Note that ha'adam is not yet at this point a proper name but merely indicates what it is. In Hebrew it is a nephesh or "living creature". Note also "it" is not yet a creature with a sexual identification of any kind. We should further note that God's creative action here might be thought of as a form of evolution from a lower state to a higher.....
Here also is an example of God's play on words. The wordplay comes into effect in the words Ishi and Baal
Hosea 2:16
"At that time," declares the Lord,
"you will call, My husband
you will never again call me My master.

That thou shalt call me Ishi; or, "my husband"

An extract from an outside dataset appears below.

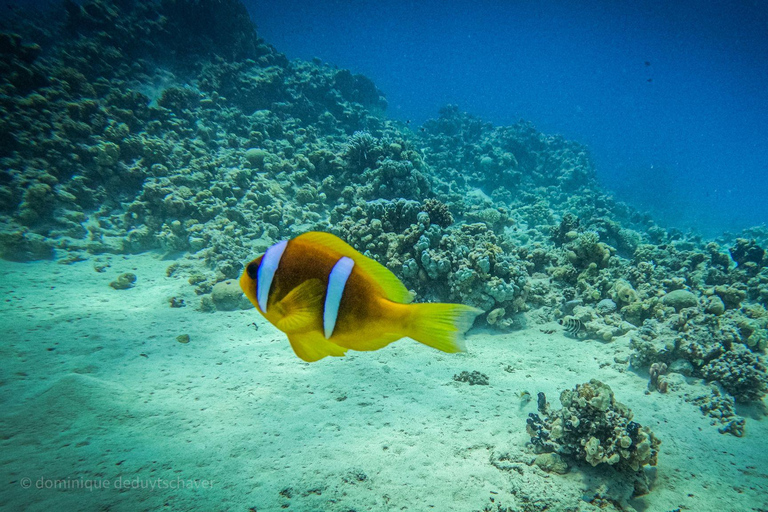 Desde Sharm El-Sheikh Excursión en barco a la estación de rayas de Ras Mohamed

Immanuel God with us in human nature points to Christ standing in relation as that of Husband to His people. As defender of the weaker vessel Christ is the strength of His saints, in Whom they have His righteousness and strength, through Whose strength they can do all things: Because we are the church that is One with Him.

Isaiah 45:5
I am the Lord. There is no other God;
I am the only God.
I will make you strong,
even though you don't know me,

and shalt call me no more Baali; which means "my master" "Baali" represents lordship and fear.
Saints don't have the spirit of bondage to fear, but the spirit of adoption, whereby they call God their Father, and Christ their Husband. It shouldn't be mentioned because it may led to thinking of that idol, and remember him, which the Lord would not be linked to.

Hosea 2:17
I will never let her say the names of Baal again;
people won't use their names anymore.
Exodus 23:13
"Be sure to do all that I have said to you. You must not even say the names of other gods; those names must not come out of your mouth.
Zechariah 13:2
The Lord All-Powerful says, "At that time I will get rid of the names of the idols from the land; no one will remember them anymore. I will also remove the prophets and unclean spirits from the land.
"And it comes to pass in that day, is the saying of Jehovah, thou wilt call, My husband; and thou wilt no more call to me, My Baal."